As winter approaches, I think many of us would like a cheap jaunt somewhere. In November and December, during the peak days of the Celtic Tiger, this translated to a transatlantic consumer capitalism travel flow of Masai Mara migration levels.
Every year legions of highly strung – and even more highly leveraged – Irish shoppers rinsed Manhattan and Woodbury Common for every last drop of Calvin Klein Euphoria, every inch of Juicy Couture velour, every roomy Abercrombie & Fitch hoodie, every “free” gift at the Macy’s Estée Lauder counter, every discounted pair of Century 21 Tommy Hilfiger jocks, every cutesy-lopsided silver Tiffany heart and every piece of distressed denim to be had at Bloomingdale’s.
And then, after a weekend high on credit and clinked cosmos, memories snapped with a freshly purchased digital camera from B&H, the flow of migration reversed: the tired, huddled masses slouched on the green, green seats of an Aer Lingus jet, lulled to sleep by the faint crew call of “beer, wine, juice, water”. The Moët bottles clinked in the overhead lockers, The Da Vinci Code silently played on cabin screens and the occasional bruise throbbed in a tender spot after a spirited performance on the Rockefeller ice rink.
God be with the days.
In 2005, passengers from Ireland spent €25 million on pre-Christmas shopping trips abroad. And thanks to the word-of-mouth skills of these shoppers – removing red-dot sale labels from the pressies before they were stuffed into suitcases in Fitzpatrick’s – the Revenue Commissioners collected just over €42,000 in customs duty and tax.
That year, 253,000 people – 6 per cent of the population at the time – travelled from Ireland to New York. People from Ireland were the seventh largest visiting group to the city. In 2006, around 100,000 people travelled to the US in November and December alone. Continental Airlines increased capacity on its flights by 27 per cent to facilitate the crowds. That festive season, the euro was worth $1.30. It’s $1.15 today, but give it time.
Of course, Christmas shopping in New York meant a big outlay on flights and a hotel, but we could afford it – or thought we could.
But what would that cost now? In May, I wrote about the effective collapse in airfare prices from Dublin to the US. At that time, the cheapest airfare from Dublin to New York was technically €15 one way, €30 return.
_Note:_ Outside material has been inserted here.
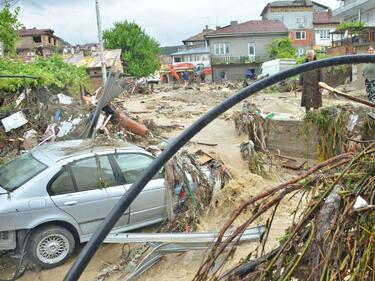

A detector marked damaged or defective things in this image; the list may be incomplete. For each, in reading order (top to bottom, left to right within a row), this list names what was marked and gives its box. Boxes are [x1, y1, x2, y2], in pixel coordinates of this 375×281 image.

damaged car [0, 140, 212, 266]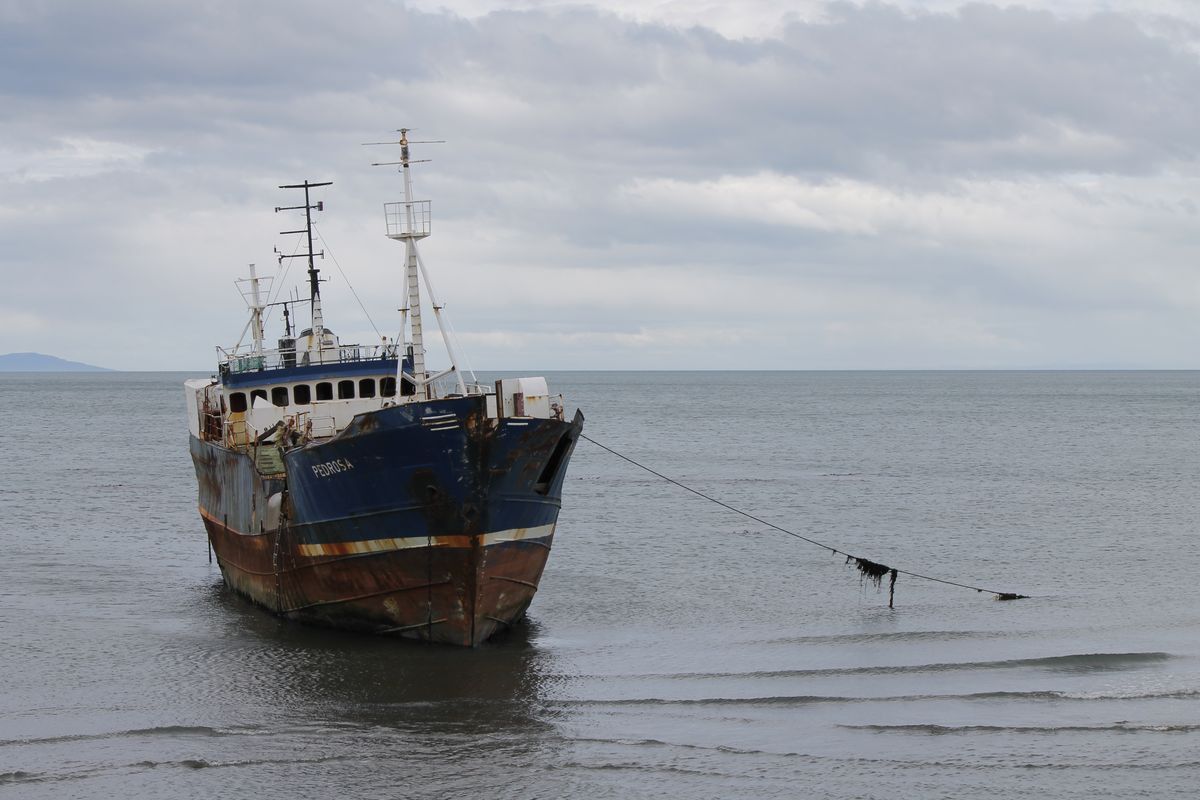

With taxes, charges, and carrier-imposed fees on top of that, the final price for the customer was €398.58, but the actual fare component was €30.
A flight from Dublin to JFK on Friday, November 7th, returning on Tuesday, November 11th, sounds tempting. It also sounds expensive. It’s over a weekend, for one. And, as established, it’s during what has for a long time been a busy Christmas shopping period. So how much is the airfare? At the time of writing, it’s fifty cent. Return, it’s €1.
Add on the taxes, charges, and carrier imposed fees and it comes to €330.46. The real price for the customer is therefore €331.46 – but Aer Lingus is selling that return flight for €1. The (then) rock-bottom €15 flight I wrote about in May now has a 97 per cent discount at 50 cent.
Last week, Aer Lingus announced the addition of a third daily flight from Dublin to New York JFK. New York is relevant because it’s the most visited state for people travelling from Ireland. About one-third of people travelling from Ireland to the United States are heading for New York, compared to say, Florida – about one-tenth of travellers. Clearly Aer Lingus has the passenger data to back up its strategy. But the US National Travel and Tourism Office also publishes detailed data on visitors.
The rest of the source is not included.